=== Given data ===

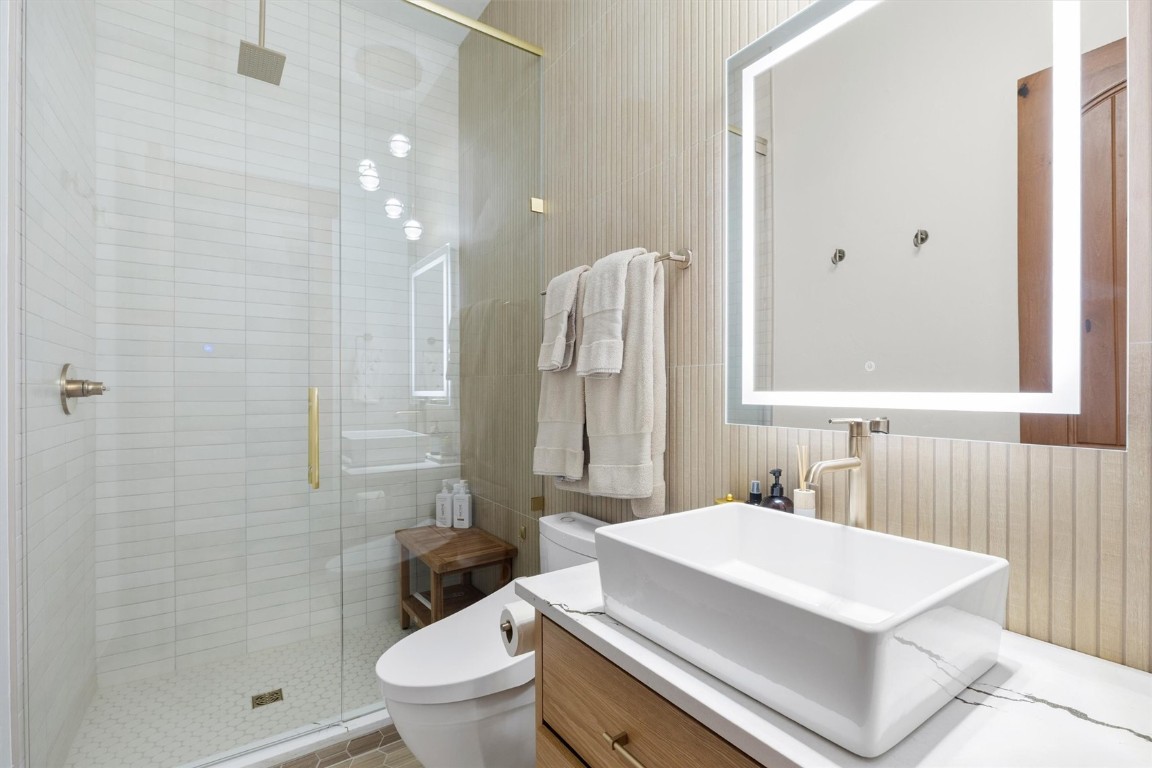 1240 Eagle Glen DRIVE 12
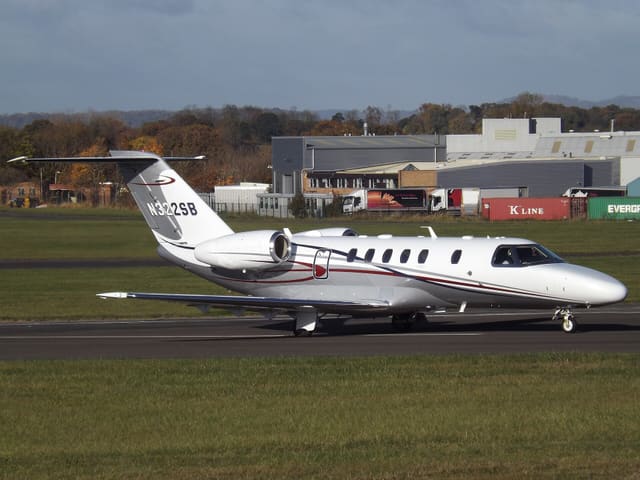 N322SB - Cessna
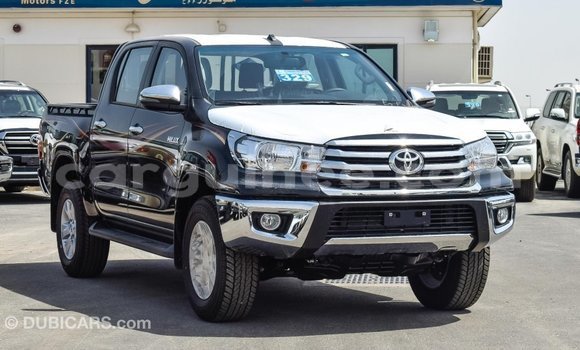 Acheter Import Voiture Toyota Hilux Noir à Import - Dubai, Conakry Acheter Import Voiture Toyota Hilux Noir à Import - Dubai, Conakry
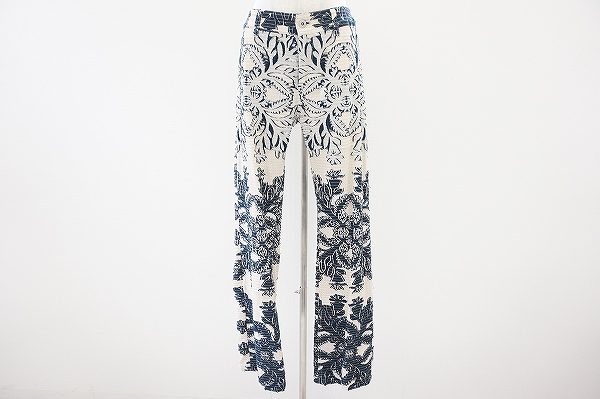 テキスタイルの神髄が見えるイッセイミヤケハートのパンツを買取いたしました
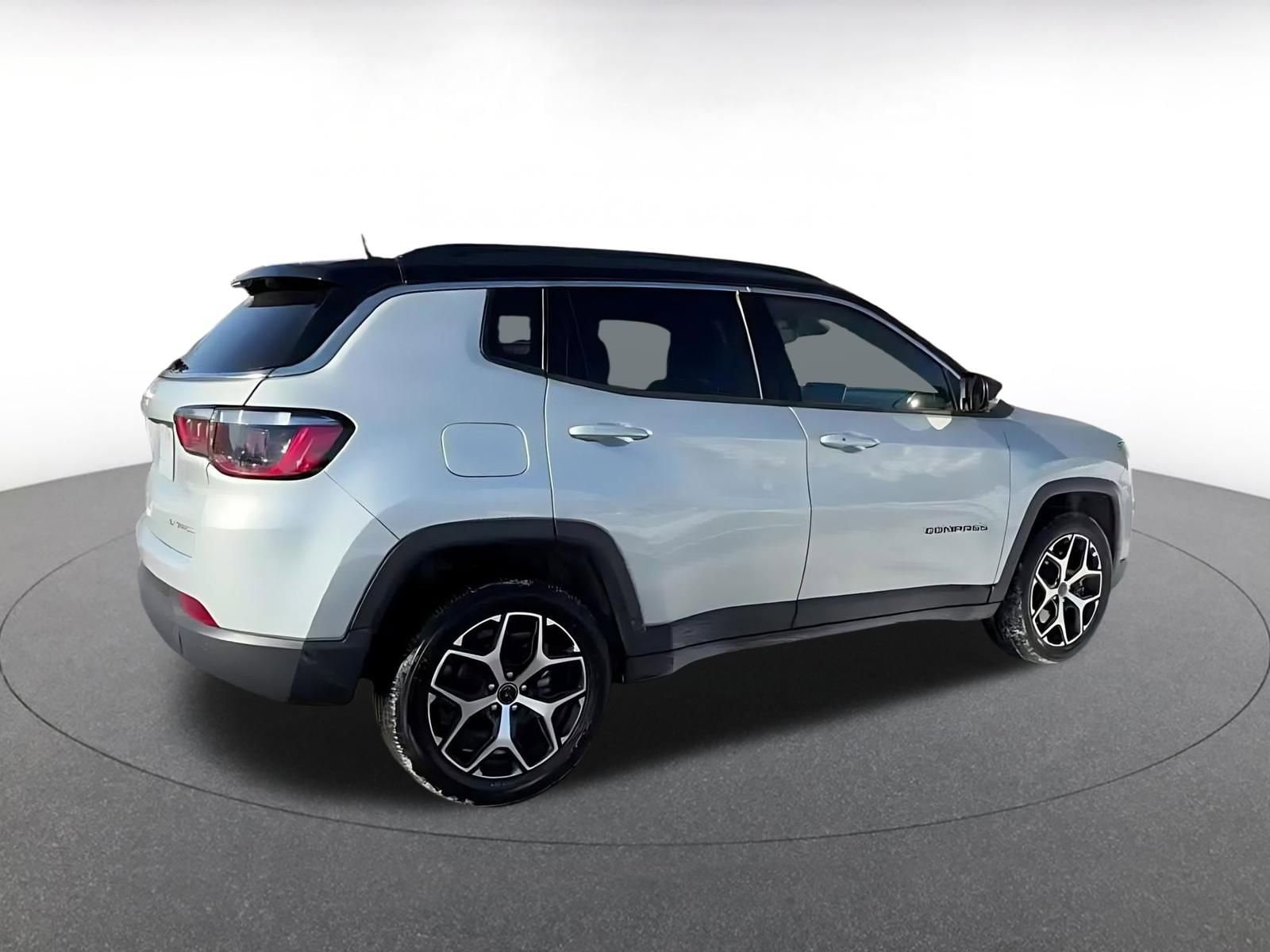 Thumbnail: 2025 Jeep Compass - 14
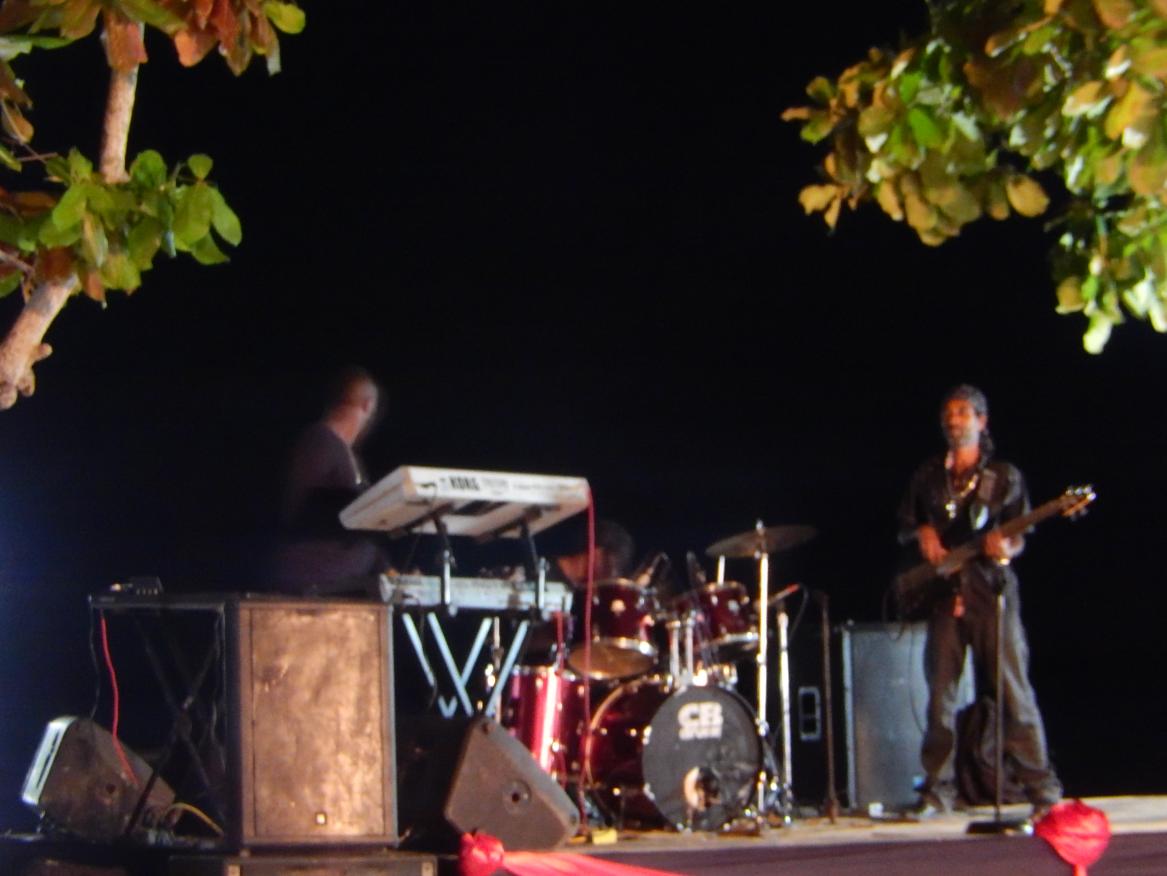 Name: DSCN0965.jpg
Views: 844
Size: 81.8 KB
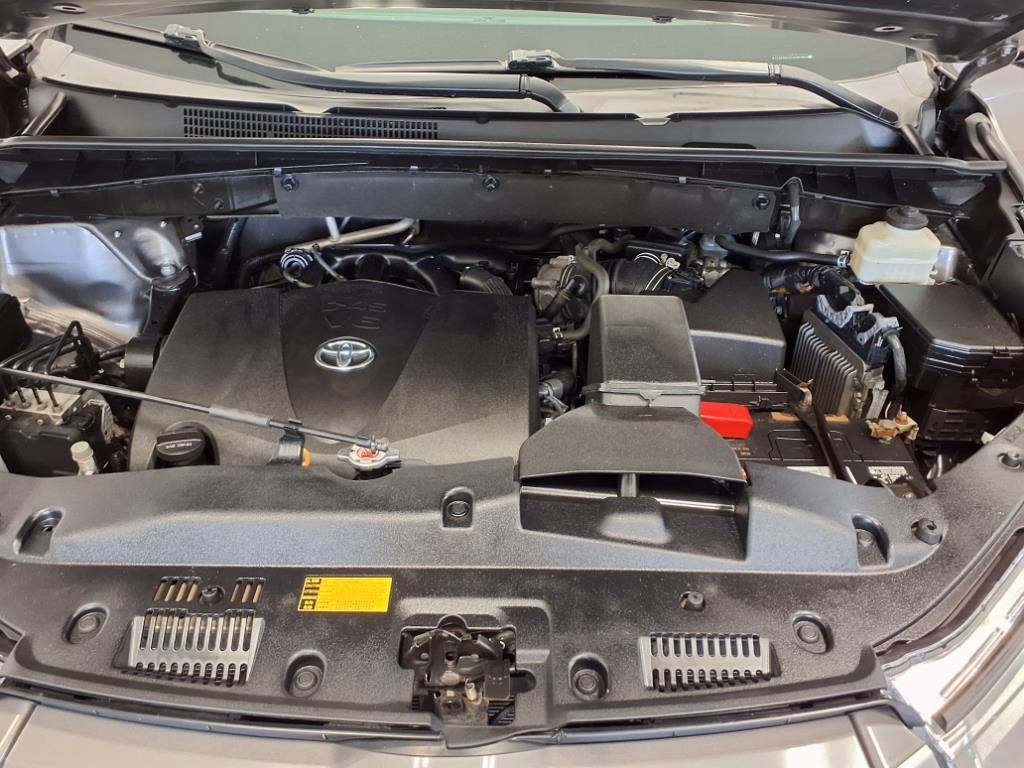 2018 Toyota Highlander Image 22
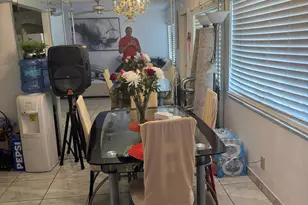 555 Purdy Ln, Palm Springs, FL 33461 - Photo 5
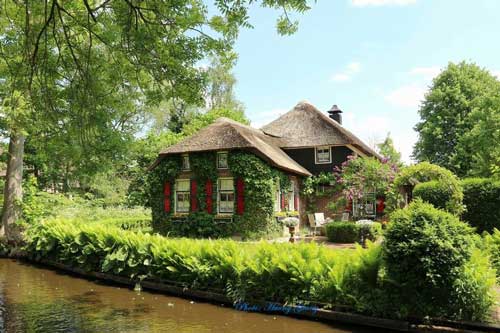 Thăm ngôi làng tuyệt đẹp như cổ tích ở Hà Lan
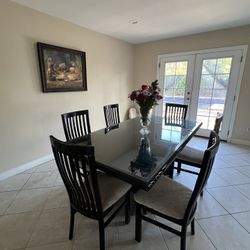 Elegant Dining Set 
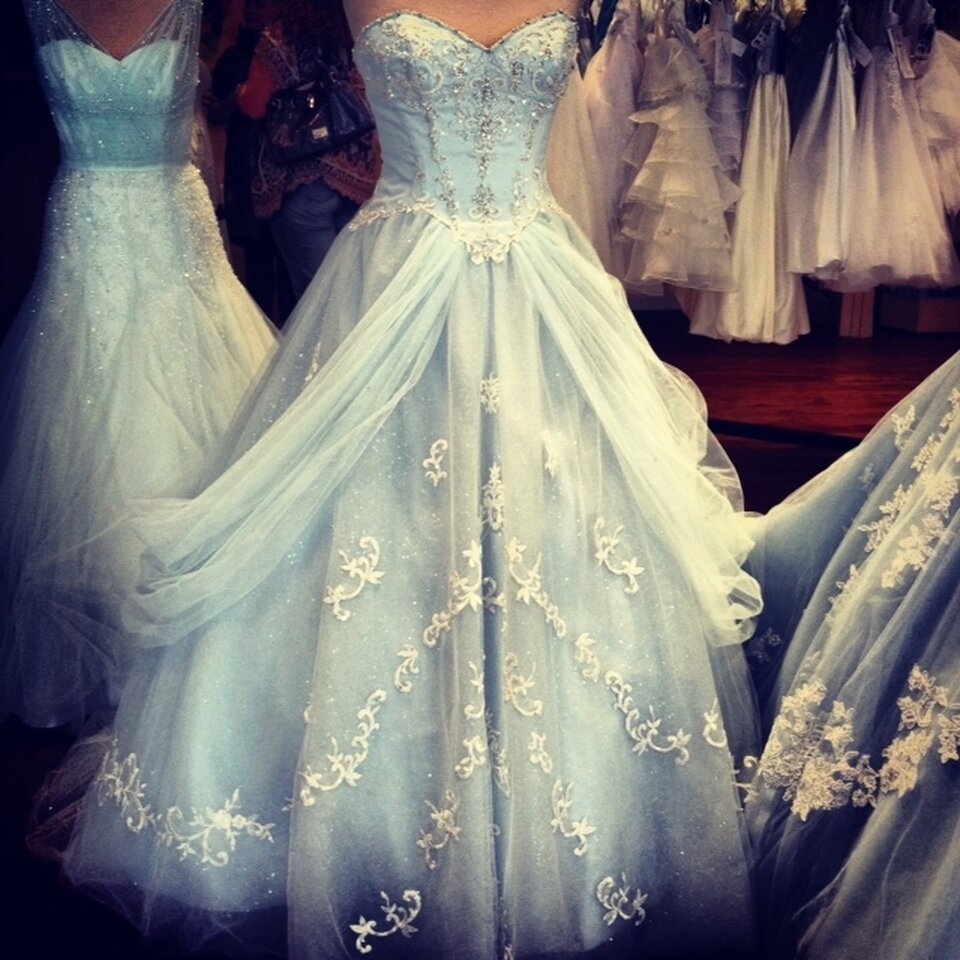 Alfred Angelo cinderella wedding dresses Photo - 3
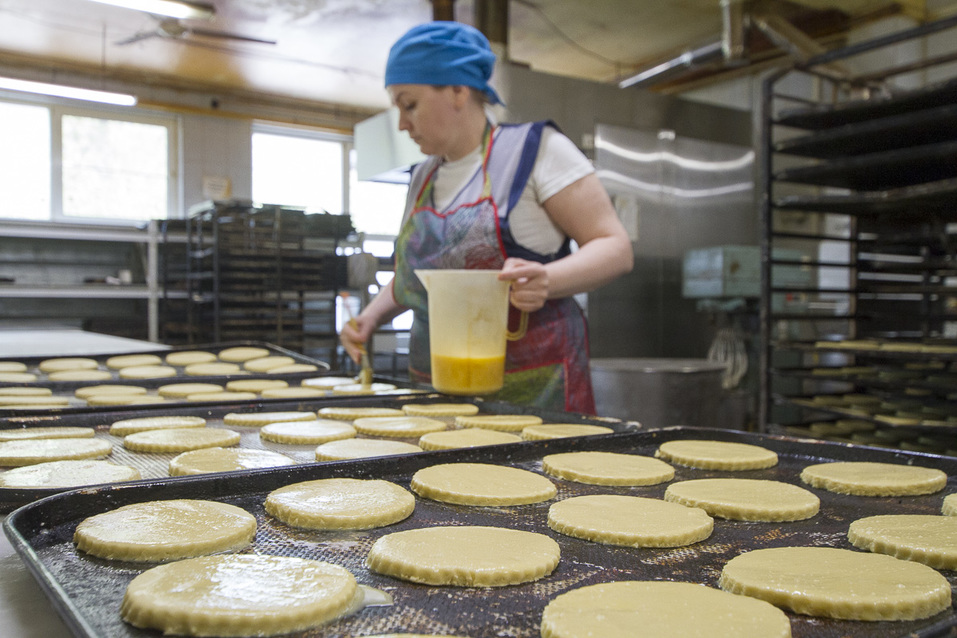 В кондитерском цехе - ручная работа В кондитерском цехе - ручная работа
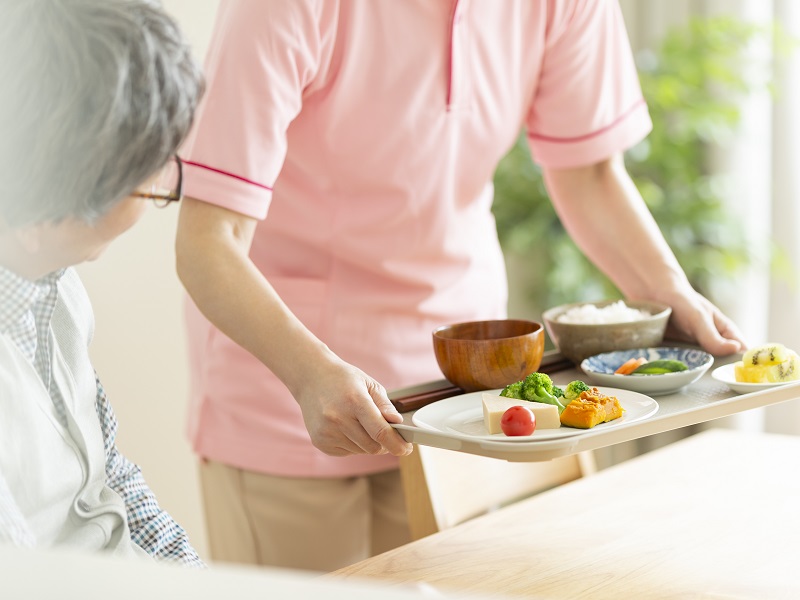 栄養士や調理師と違う 介護食士とはどんな資格 介護をもっと好きになる情報サイト きらッコノート 栄養士や調理師と違う 介護食士とはどんな資格 介護をもっと好きになる情報サイト きらッコノート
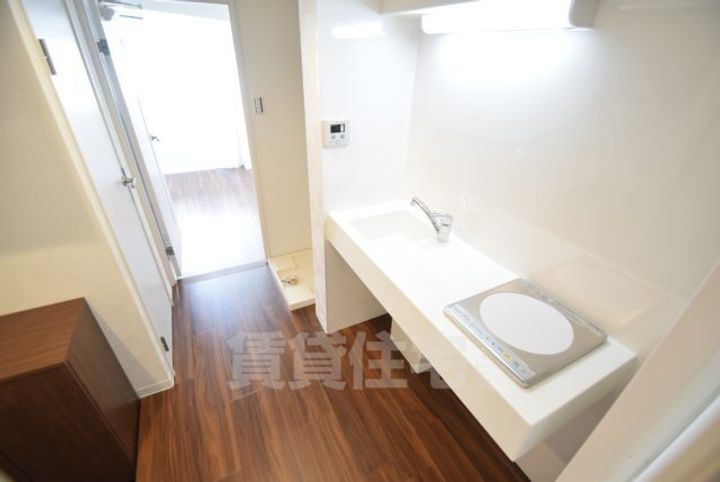 大阪府茨木市上中条2丁目の賃貸マンションのキッチン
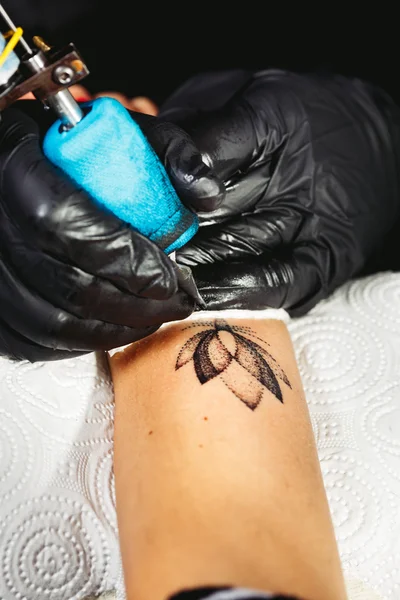 Майстер татуювання показує процес створення татуювання — стокове фото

===

What you will do: Repeat every entry exactly. Do not include the pictures.

Task response:
 1240 Eagle Glen DRIVE 12
 N322SB - Cessna
 Acheter Import Voiture Toyota Hilux Noir à Import - Dubai, Conakry Acheter Import Voiture Toyota Hilux Noir à Import - Dubai, Conakry
 テキスタイルの神髄が見えるイッセイミヤケハートのパンツを買取いたしました
 Thumbnail: 2025 Jeep Compass - 14
 Name: DSCN0965.jpg
Views: 844
Size: 81.8 KB
 2018 Toyota Highlander Image 22
 555 Purdy Ln, Palm Springs, FL 33461 - Photo 5
 Thăm ngôi làng tuyệt đẹp như cổ tích ở Hà Lan
 Elegant Dining Set 
 Alfred Angelo cinderella wedding dresses Photo - 3
 В кондитерском цехе - ручная работа В кондитерском цехе - ручная работа
 栄養士や調理師と違う 介護食士とはどんな資格 介護をもっと好きになる情報サイト きらッコノート 栄養士や調理師と違う 介護食士とはどんな資格 介護をもっと好きになる情報サイト きらッコノート
 大阪府茨木市上中条2丁目の賃貸マンションのキッチン
 Майстер татуювання показує процес створення татуювання — стокове фото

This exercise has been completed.